Success Stories / Arquimea Research Center

How Arquimea Research Center Doubled GPU Utilization and Avoided €180K-270K in Hardware Costs

ARC doubled GPU utilization and eliminated 80-90% of knowledge transfer overhead—turning the same hardware into a research factory

Key Results

75-85%

GPU utilization across all machines, up from ~50% idle—with zero new hardware

2-10 hrs → minutes

Knowledge transfer reduced to "here's the Valohai link, copy and run"

30-50% more

Compute capacity absorbed without expansion—one project's YoY growth handled internally

Zero

Infrastructure complaints—down from weekly GPU battles

Company

Arquimea Research Center (ARC) is the innovation and research hub of Arquimea Group, a global technology company. ARC focuses on 3D reconstruction and computer vision, with workflows that start with hundreds of images + metadata and produce 3D models and derived outputs.

They run tens of thousands of experiments per year across ~20 researchers in four teams, all on fully on-premise GPU infrastructure.

The AI research group of Arquimea Research Center has a dedicated fleet of:

22 GPUs across 7 machines—five servers with dual 3090s, one with four 3090s, and one NVIDIA DGX with 8× A100 80GB GPUs (two split via MIG for flexible workloads).

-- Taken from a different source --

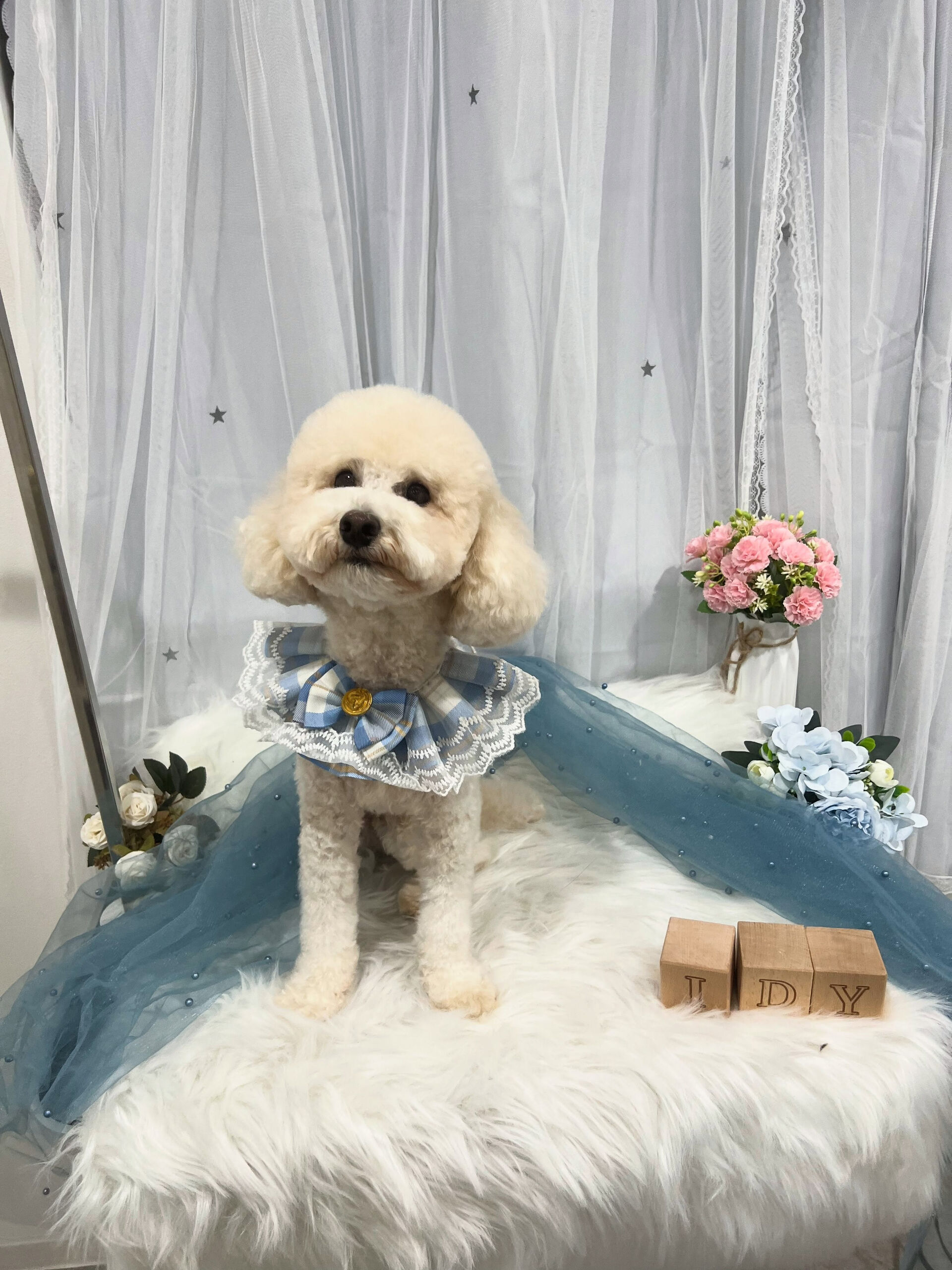 トイプードルのラッキーちゃん🐶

Before Valohai: The "Convenient Machine" Monopoly

ARC had multiple GPU servers across different networks and VPNs. On paper, plenty of compute. In practice, everyone fought for one "big" machine with 80GB GPUs.

Why? That machine had the easiest data access. Moving data to other servers meant manual sync, path reconfiguration, and ad-hoc setup differences. Result: the big box was perpetually contested while other GPUs sat 50% idle.

The root cause wasn't scheduling—it was that infrastructure friction created a compute monopoly.

Traditional HPC schedulers wouldn't fix this. The team needed something that eliminated the friction entirely: unified data access, zero-setup job submission, and built-in experiment tracking. Not another tool to learn, but infrastructure that gets out of the way.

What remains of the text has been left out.